Someone would say because of greed, but it's not just greed. Let's think about it

And I know I already told you, but remember:

85% of people end up with no profit after the Bull Market and some of them even in a big loss? Only 15% of people come out with a profit. that is the harsh reality. Most people do not make profits in the first two Bull Markets.

Greed is something that overwhelms people with euphoria at the peak of the Bull Run. But that's just the tip of the iceberg.

Greed, while a significant factor, is not the only reason for this staggering statistic. One must also consider the role of a lack of financial literacy and poor risk management strategies. Many individuals enter the market hoping to make quick profits without understanding the mechanics of investing or the risks involved. They invest impulsively, guided by emotions rather than analysis, consequently riding the bull run without an exit strategy. Once the market turns, they find themselves caught in the bear's grip, often selling at loss in panic. This cycle repeats itself, with only a small percentage managing to break free and secure profits.

Moreover, the role of psychological biases cannot be overlooked in this scenario. Behavioral finance has shown us that investors often fall victim to cognitive errors such as overconfidence and confirmation bias, which can lead to poor investment decisions. Overconfidence may cause an investor to underestimate the risk involved or overestimate their ability to predict market movements. Confirmation bias, on the other hand, leads investors to pay more attention to information that confirms their existing beliefs and ignore contradictory information. These biases further exacerbate the problem of financial illiteracy and poor risk management, contributing to the low percentage of individuals who secure profits after a bull run.

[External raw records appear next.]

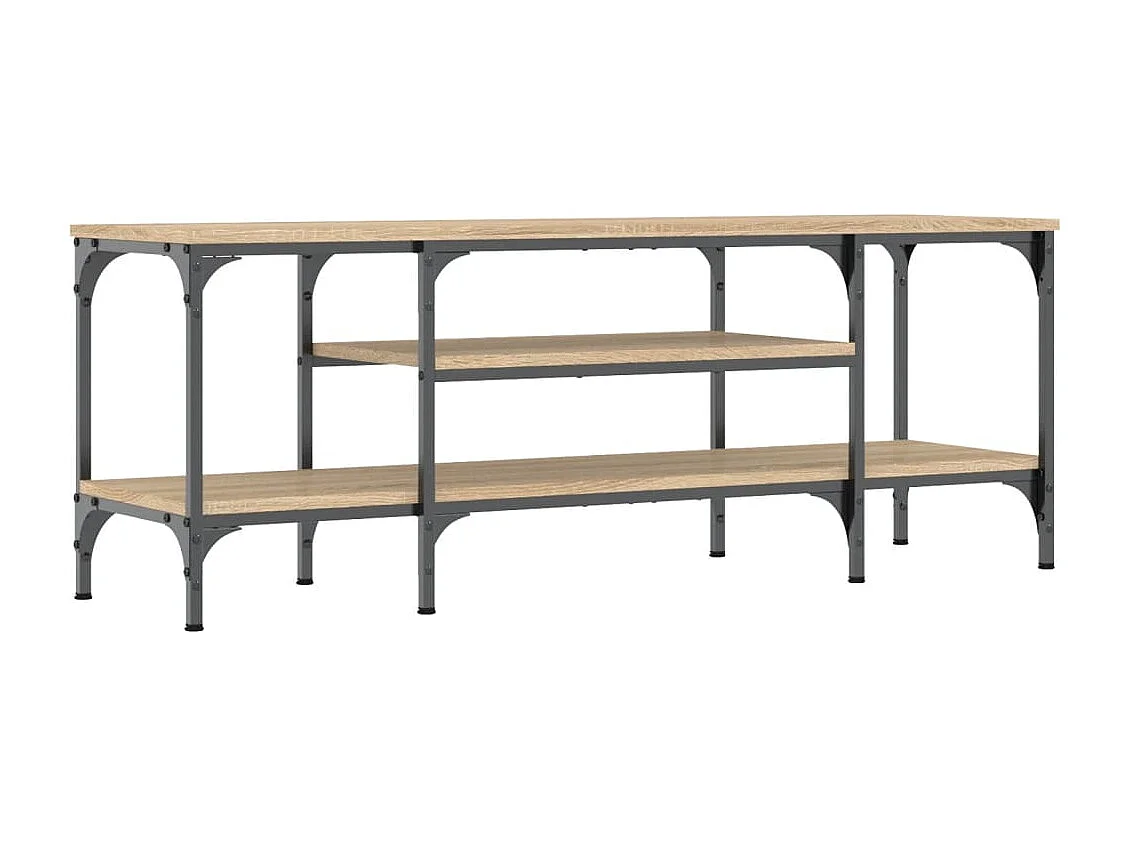 Meuble TV chêne sonoma 121x35x45 cm bois d'ingénierie et fer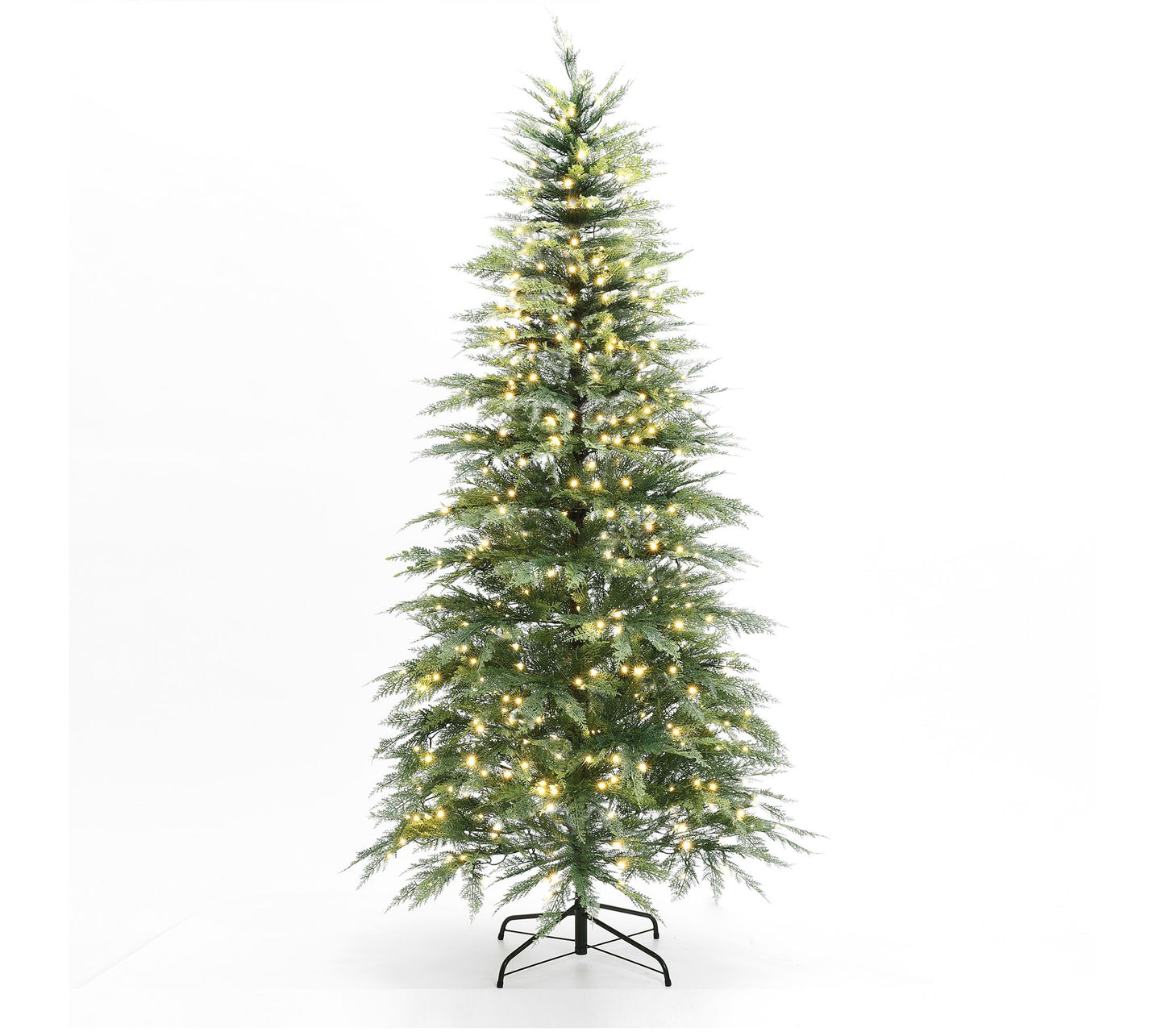 LuxenHome 7Ft Pre-Lit Green Cypress ArtificialTree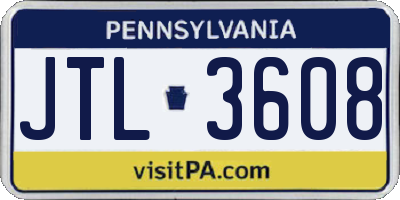 PA license plate JTL3608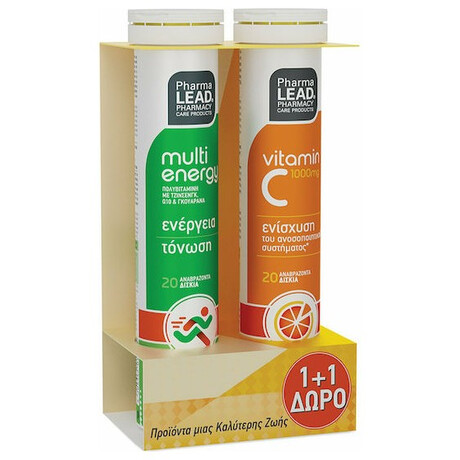 Pharmalead Multi Energy & Vitamin C 1000mg Πολυβιταμίνη 20 αναβράζοντα δισκία & Vitamin C 1000mg 20 αναβράζοντα δισκία για Ενέργεια & Ενίσχυση του Ανοσοποιητικού 1000mg Multiflavoured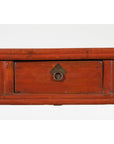 Chinese Qing Dynasty 19th Century Red Orange Lacquered Table with Three Drawers-6. Asian & Chinese Furniture, Art, Antiques, Vintage Home Décor for sale at FEA Home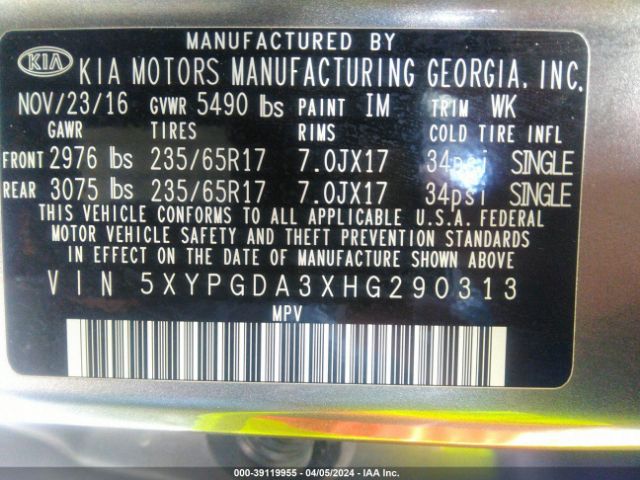 5XYPGDA3XHG290313 KIA Sorento 2.4l Lx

Even the influence of external factors like media hype and peer influence can't be discounted. The media often fuels the fire of a bull run, creating excitement and a fear of missing out (FOMO) among investors. This drives inexperienced individuals to jump on the bandwagon without considering the potential downturns. Similarly, peer pressure can lead to herd mentality, where investors blindly follow the actions of others in an effort to not be 'left out.' Unfortunately, these factors combined with those mentioned earlier create a cocktail of missteps, leading to the startling fact that only 15% of people make a profit after the Bull Run.

To truly address this issue, we must look beyond the tip of the iceberg and focus on comprehensive financial education. It's crucial to impart investors with knowledge about market dynamics, risk assessment, and strategic investing. Moreover, honing critical thinking skills can help individuals recognize and combat cognitive biases, making more informed investment decisions. Efforts should also be made to promote discernment in the face of media hype or peer pressure, encouraging investors to carry out their own research and analysis. Indeed, navigating the volatile world of stock markets is no easy feat, but with the right knowledge and mindset, the journey from a bull run to profit can be less precarious and more rewarding.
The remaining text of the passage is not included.